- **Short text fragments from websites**
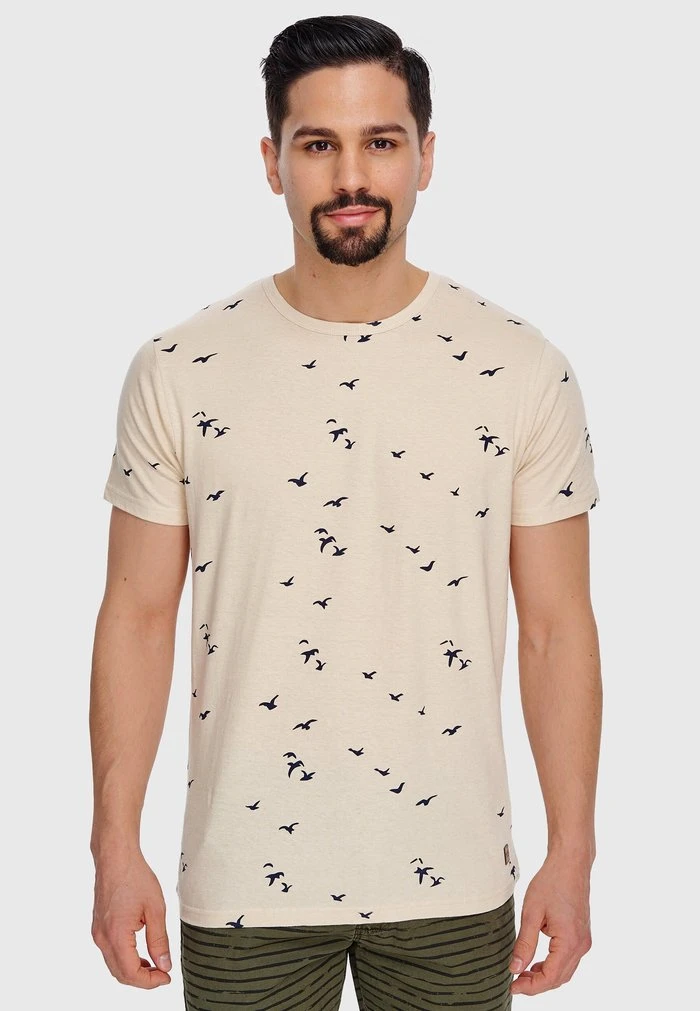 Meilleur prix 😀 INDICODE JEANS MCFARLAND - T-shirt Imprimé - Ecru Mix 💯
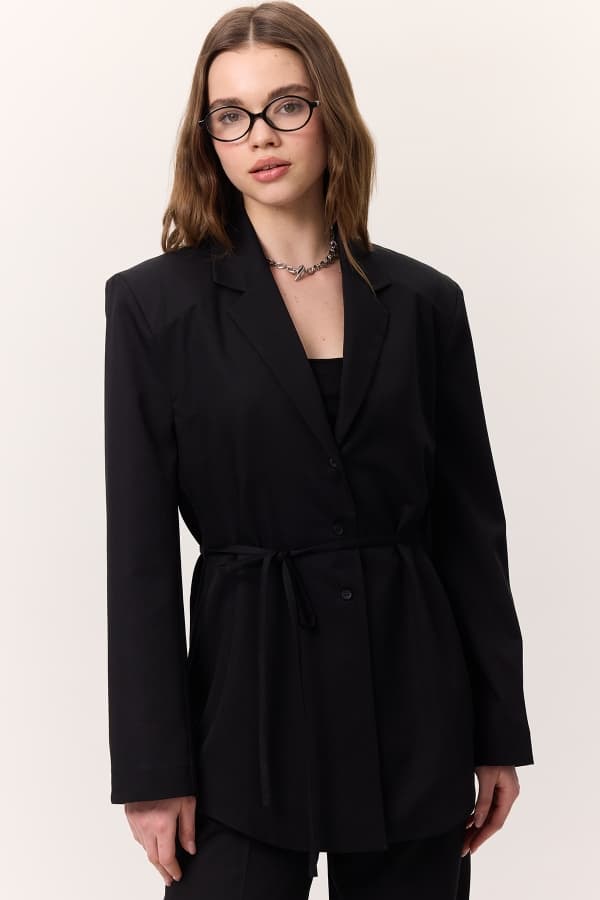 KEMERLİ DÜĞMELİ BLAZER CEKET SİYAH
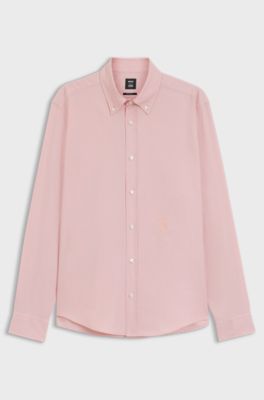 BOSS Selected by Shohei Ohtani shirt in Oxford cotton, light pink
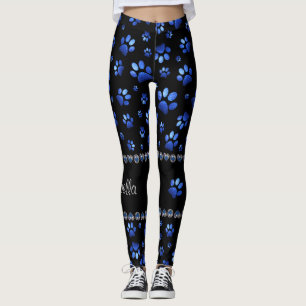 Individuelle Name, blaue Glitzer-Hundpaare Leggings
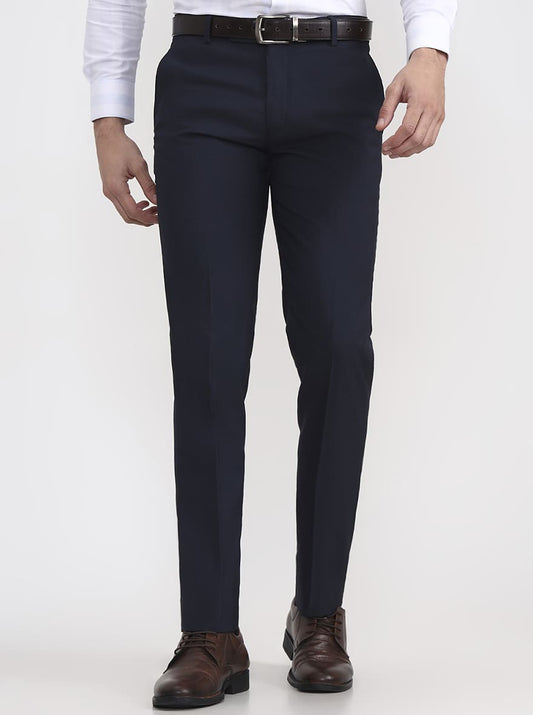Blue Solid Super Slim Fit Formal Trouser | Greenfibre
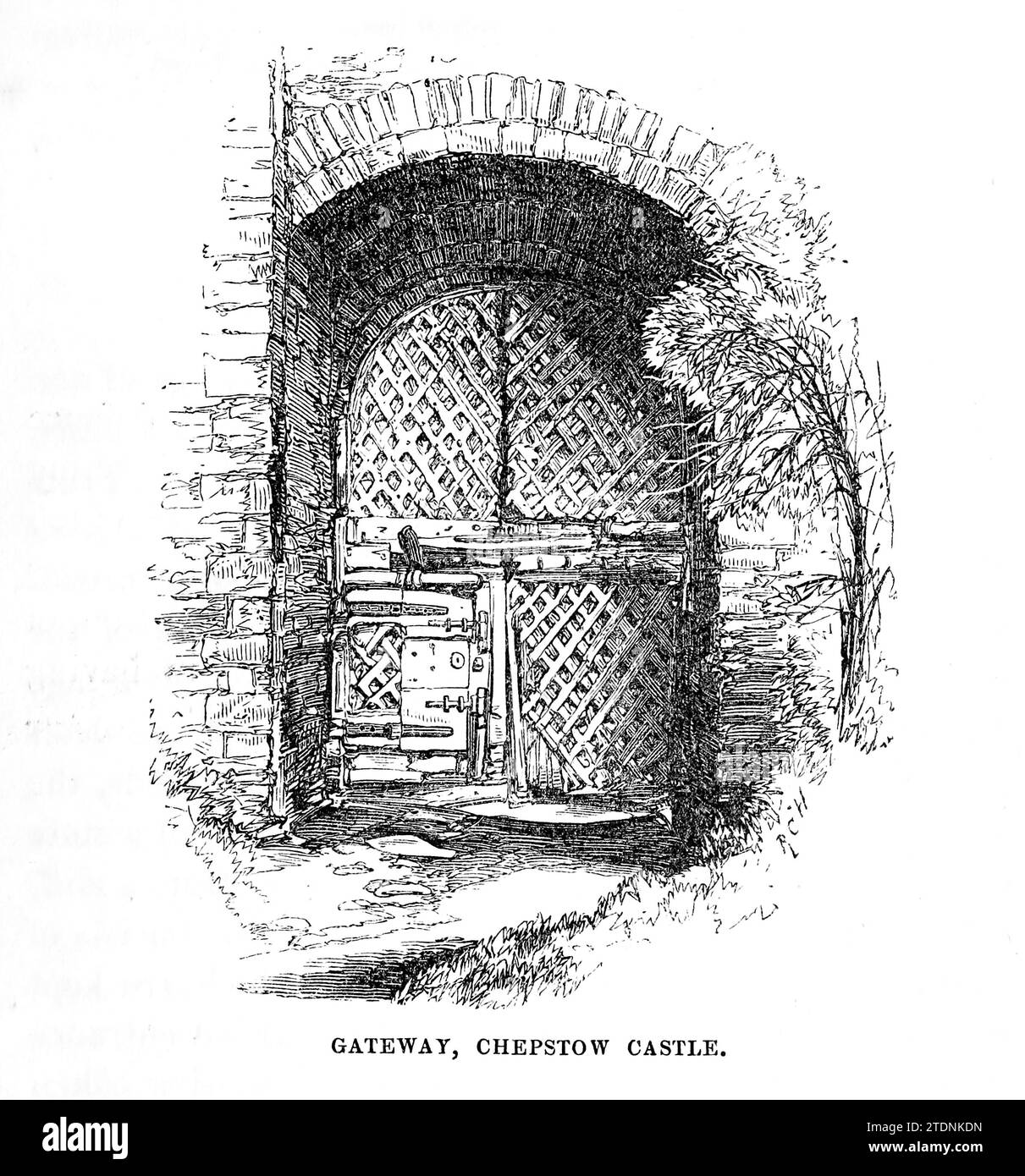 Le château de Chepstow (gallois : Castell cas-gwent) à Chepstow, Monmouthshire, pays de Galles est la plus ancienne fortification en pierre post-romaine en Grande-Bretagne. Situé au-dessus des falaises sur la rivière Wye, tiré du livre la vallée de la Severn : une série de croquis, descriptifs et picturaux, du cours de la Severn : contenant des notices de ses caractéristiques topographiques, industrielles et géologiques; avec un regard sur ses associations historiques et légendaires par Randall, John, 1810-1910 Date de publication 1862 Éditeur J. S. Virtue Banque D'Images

- **WORK INSTRUCTIONS**
Your task is to transcribe, exactly and without additions, every line from the one that contains "Individuelle Name, blaue" to the end of the entries above, both included. Omit all pictures.

- **WRITTEN SOLUTION**
 Individuelle Name, blaue Glitzer-Hundpaare Leggings
Blue Solid Super Slim Fit Formal Trouser | Greenfibre
 Le château de Chepstow (gallois : Castell cas-gwent) à Chepstow, Monmouthshire, pays de Galles est la plus ancienne fortification en pierre post-romaine en Grande-Bretagne. Situé au-dessus des falaises sur la rivière Wye, tiré du livre la vallée de la Severn : une série de croquis, descriptifs et picturaux, du cours de la Severn : contenant des notices de ses caractéristiques topographiques, industrielles et géologiques; avec un regard sur ses associations historiques et légendaires par Randall, John, 1810-1910 Date de publication 1862 Éditeur J. S. Virtue Banque D'Images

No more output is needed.